Setting the price on its new entry somewhere below the
prevailing price of competitors will provide a wedge to help it become
established in the market. The rationale for setting price below the market
price is clear. With an elastic demand,
a lower price will result in greater total revenue. This method of pricing is often referred to
as “Penetration Pricing”
because it provides a mechanism whereby a new product can penetrate an existing
market.
Penetration Pricing may also bring consumers into the market that may even surprise the firms involved. If a new product is innovative in some respects, a penetration pricing policy may be helpful in getting innovator and early adopter groups to try the product. Once the product has gained acceptance in the market place, the firm may try to reduce or eliminate the price differential.

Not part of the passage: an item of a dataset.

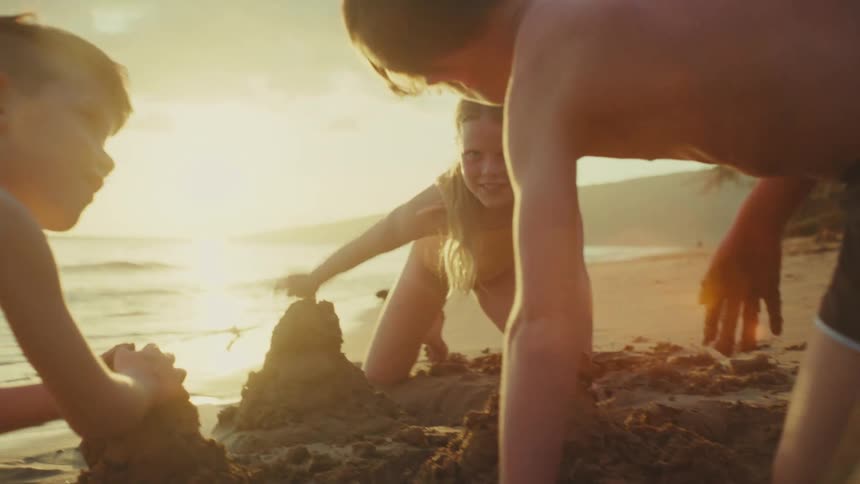 Three children play in the sand on a beach at sunset building a sandcastle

Once more, this can be related to the concept of price
elasticity. This acceptance of the
product by consumers implies a growing inelasticity of demand. The case of setting price below the current
market price assumes that the product is essentially the same quality as those
already on the market and is sold with the same type of service and warranty
and is available through comparable channels.
PRICE LINING:
This pricing strategy is particularly common in furniture, appliance and
department stores. A particular class of
product will be offered in more than one line based on quality or design characteristics.
In all likelihood, at least, three lines will be offered to
the prospective consumer, like the:
Ø Basic model
Ø Basic model with added quality and
design features
Ø A top line model with all features
Price lining has been quite widely used in a variety of
situations. A single manufacturer may
produce their product in different lines to appeal to various income groups.